Day Eighty-Two

Woot!  I have finally lost eleven pounds!  That is one-fourth of what I want to lose.  If it takes me eighty-one days to lose eleven pounds, though, that means it could take three hundred twenty-four days to lose it all.  That would put me past New Year's.  

I don't think I can go that long without sugar.  It would sure help me not gain weight through Christmas, but, ouch.

I also don't think it would take that long.  I had little actual weight loss between weeks two and nine.  Maybe with the tweaks I've done recently, it would only take ten or twelve more weeks.

I am thinking about it.

During my workout today, I did forty-five minutes on the elliptical, alternating with weight-lifting.  I did each of my six weight-lifting sets two double times, meaning I went to twenty instead of ten reps, and did that twice.  So, this was more weight-lifting that I honestly might have done (I've been lazily doing one or two sets of each thing, rarely three, and it's been a long time since I have tried to do four--almost two years, I think, before I hurt my knee.)  I think more weight-lifting is key.  So, I think, is the intermittent fasting.

I ate so little at the end of yesterday, though, that I was feeling pretty weak by the end of my workout.  I finished it, time-wise, but I had been working a little less hard on the last rotation.  

I was starving by the time I got to eat, and eating did not help me feel stronger, for hours.  I was also freezing, because I wore a short-sleeved shirt, thinking I could put on my work sweater if need be, but left the work sweater home, again, after washing it.

I made a calorie-free fruit tea to help me warm up, and wore my old work sweater, with holes in the elbows, until I felt better.

I ate two eggs, a handful of almonds, a cup of prepared lentils, a cup of peanuts, a handful of cherries, and a peach.  

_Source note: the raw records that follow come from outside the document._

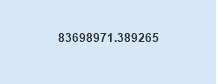 Screen Shot 2016-05-03 at 22.17.48.png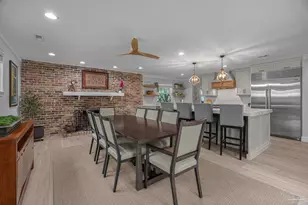 3300 Baisden Rd, Pensacola, FL 32503 - Photo 30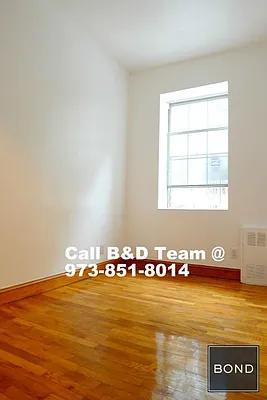 Rented by Bond New York | media 60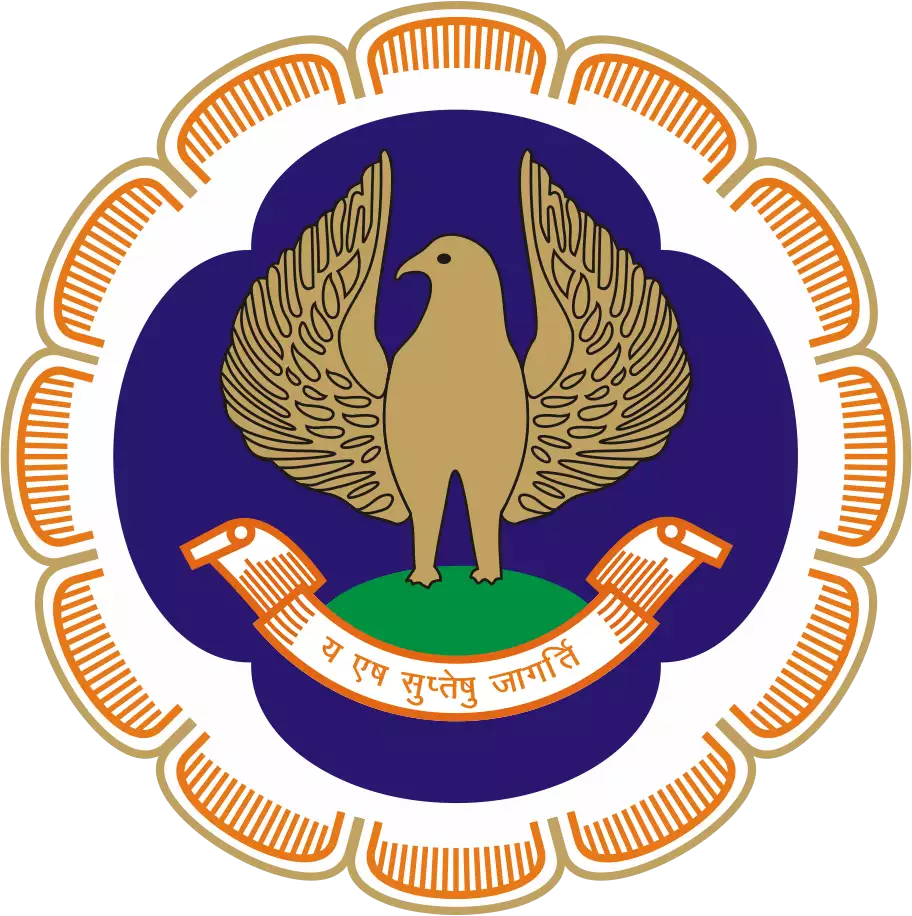 icai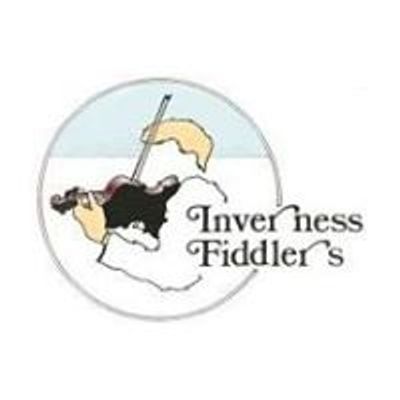 Inverness Fiddlers' Society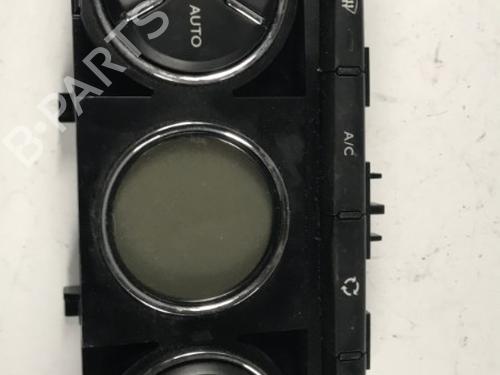 Commande Chauffage CITROËN DS3 (SA_) 1.6 THP 155 | BP21337023I5 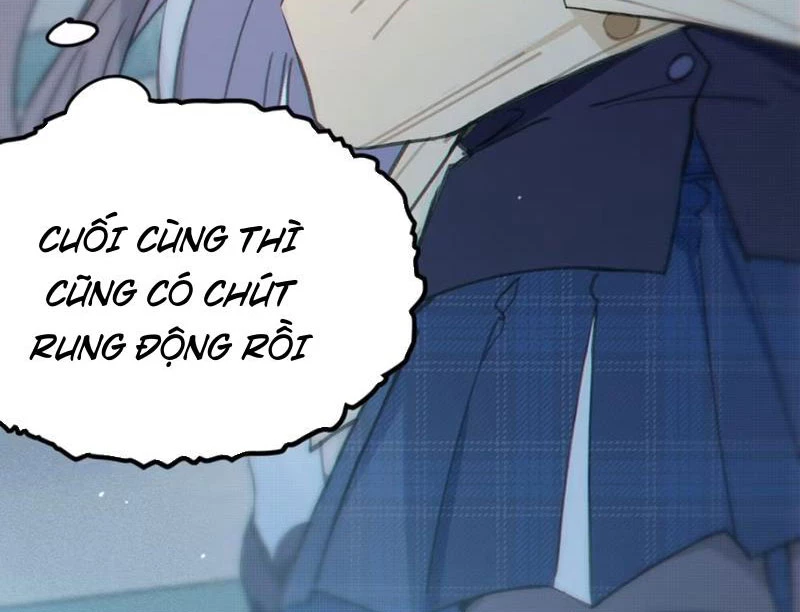 Sau khi ta biến thành quái vật xúc tu, các cô ấy càng điên cuồng hơn! Chapter 8 - Trang 2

Someone had brought two big boxes of beautiful cookies to share with the team, and I was personally invited--twice--to get some.  They were macadamia nut and chocolate chip.  Big, beautiful cookies.  And the person who brought them said I should cheat just a little bit.  I know what would happen if I cheated just a little bit.  I would cheat a lot.  I need to stick to this--it's the only thing that would work.  I gave what I considered to be my two cookies to the starving woman, who came in again today, and mentioned her hunger.

I forgot to tell you a third silly thing that woman from work said yesterday.  She said, "You've lost weight!" and, since yesterday I was still at only ten pounds, and nothing much had come off my waist, I said, "Not really."  She then insisted, "Your face!"  If she thinks I've lost ten pounds off my face, no wonder my stomach hasn't budged.  I don't see any difference on my face, at all.  The only difference I can notice is that I don't feel as gross.  I am not worried that my bigger clothes won't be able to cover my fat anymore.  

Which reminds me--I had to put half an outfit back in my closet today, but only the shirt.  I couldn't wear that shirt last summer.  I put it on today, and it was close.  The two sides met.  I could surely have buttoned some of the buttons, but I could see that it would be a stretch, so I put it at the far end of my summer clothes and put on a quality tee shirt instead.

My husband says we are are going out for dinner tonight to celebrate the anniversary of his divorce, so I will put off making the chicken dish I thought I would be eating until tomorrow.  I always want Mexican food when I go out to dinner, but I think I had better stick with somewhere I can get a salad, for now.